Jakarta, TERBITINDO.COM – Bonus demografi kerap dianggap sebagai berkah bagi Indonesia.
Namun, Anies Baswedan mengingatkan bahwa di balik angka-angka menggembirakan itu, tersembunyi kenyataan yang jauh dari ideal: generasi muda yang lelah, terbebani, dan kehilangan arah.
Mantan Gubernur DKI Jakarta, Anies Baswedan, angkat bicara mengenai isu bonus demografi yang ramai diperbincangkan usai disinggung oleh Wakil Presiden Gibran Rakabuming Raka.
Dalam pandangannya, anggapan bahwa bonus demografi otomatis menghadirkan keuntungan adalah sebuah kekeliruan yang perlu diluruskan.
Anies mengibaratkan bahwa saat ini waktu sedang memberikan Indonesia peluang emas.
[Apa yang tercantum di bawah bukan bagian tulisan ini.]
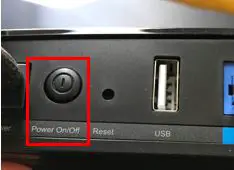 Router power button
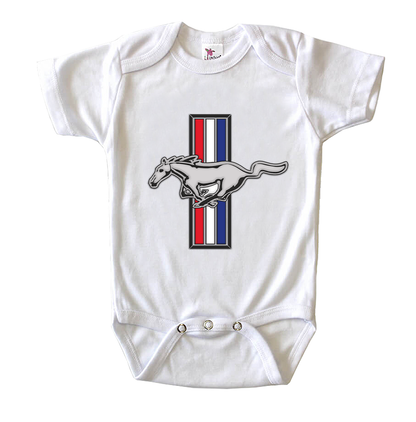 Mustang Baby Romper Onesie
Negara ini tengah berada dalam masa langka, di mana jumlah penduduk usia produktif mencapai puncaknya, menciptakan harapan besar akan masa depan yang cerah.
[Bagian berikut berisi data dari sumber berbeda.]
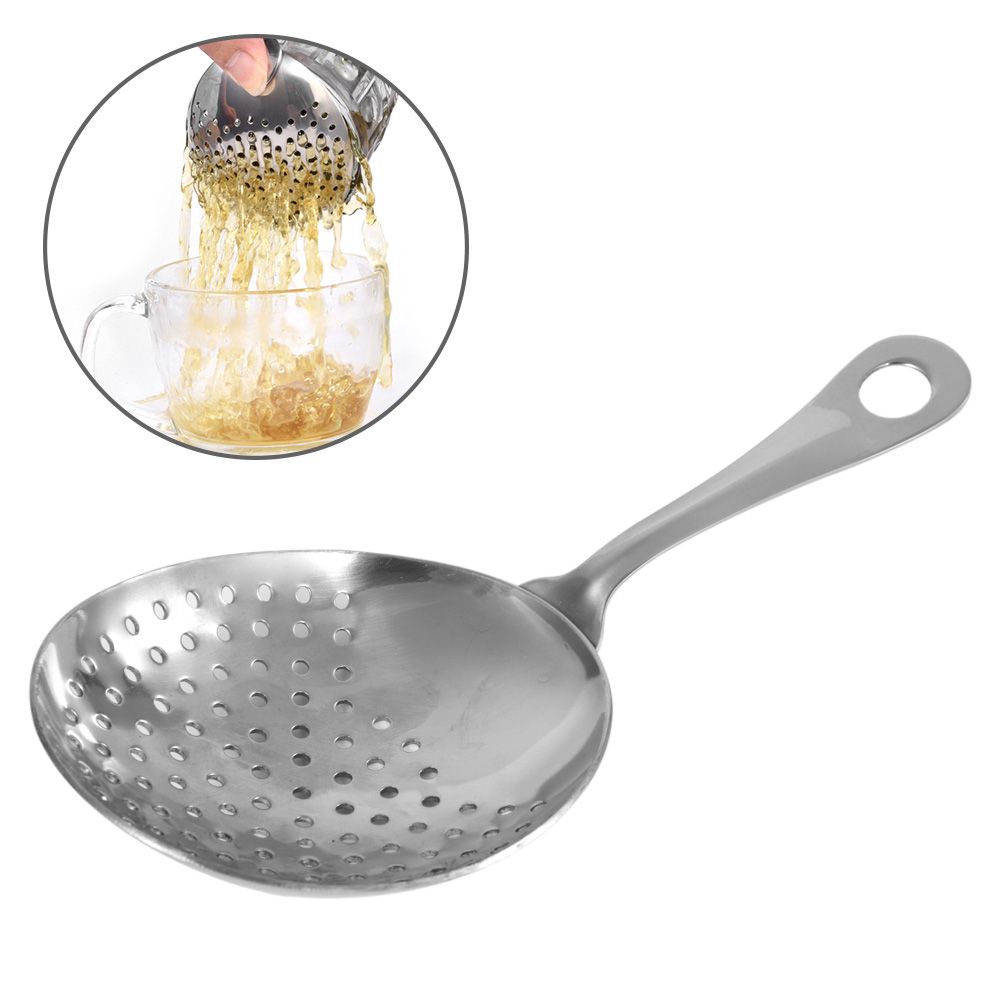 Bar Cocktail Strainer 304 Stainless Steel Julep Strainer Spoon Bar Tool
“Di mana jumlah penduduk usia produktif berada di puncaknya, membuka harapan besar akan masa depan yang cerah,” ujar Anies melalui akun X @aniesbaswedan (21/4/2025).
Meski angka statistik terlihat menjanjikan, Anies menyoroti tantangan mendasar yang jarang mendapat perhatian serius.
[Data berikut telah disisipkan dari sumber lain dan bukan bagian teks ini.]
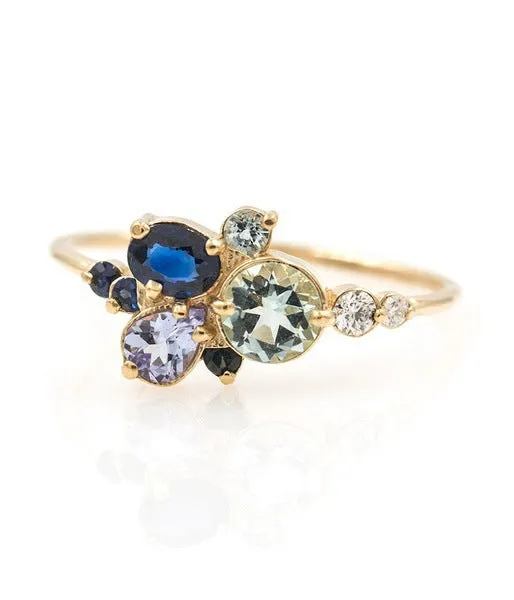 3pcs set Crystal Rings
Ia mengingatkan bahwa kehadiran generasi usia produktif tidak serta-merta menjamin produktivitas.
“Sering kita anggap bonus demografi sebagai berkah otomatis. Seolah hadirnya usia produktif berarti kesejahteraan akan datang dengan sendirinya. Tapi usia produktif tak selalu berarti produktivitas. Yang terlihat adalah angka, yang tersembunyi adalah kelelahan kolektif,” katanya.
Menurut Anies, generasi muda kini hidup dalam tekanan yang kompleks: dituntut untuk cepat sukses, mandiri secara finansial, dan beradaptasi dengan dunia kerja yang keras. Namun di balik itu semua, mereka kekurangan ruang untuk bernapas.
“Mereka bukan hanya generasi yang tangguh, tapi generasi yang sibuk, dan generasi yang letih,” ucapnya.
Di balik semangat dan potensi, banyak anak muda terjebak dalam tekanan mental, krisis identitas, hingga gangguan psikis yang tidak terlihat dari luar.
Dunia kerja yang serba cepat menuntut hasil instan, tanpa memberikan jaminan emosional maupun kestabilan jangka panjang.
“Ini bukan bonus, tapi beban,” tegas Anies.
Anies juga menyoroti perbedaan cara pandang yang semakin lebar antara generasi muda dan generasi sebelumnya.
Saat anak muda mendambakan ruang kolaboratif dan inovatif, generasi lama masih bertahan pada pendekatan konservatif.
“Ketika ide-ide segar dan aspirasi terhenti di meja birokrasi, bukan hanya gagasan yang mati, tapi juga semangat untuk percaya,” ujarnya.
Fenomena urbanisasi menjadi perhatian berikutnya. Anies menyatakan, desa dan kota kecil mulai kehilangan generasi mudanya. Di sisi lain, kota besar berkembang tanpa arah yang jelas.
Tanpa perencanaan matang, urbanisasi justru membawa beban baru: infrastruktur yang kewalahan, pelayanan publik yang macet, hingga krisis perumahan.
“Yang tumbuh bukan kota-kota penuh harapan melainkan wajah baru ketimpangan,” ungkap Anies.
Anies menutup pernyataannya dengan menyoroti pekerjaan informal yang mendominasi lapangan kerja anak muda.
Meski secara statistik mereka terlihat bekerja, kenyataannya mereka hidup dalam ketidakpastian dan tanpa perlindungan sosial.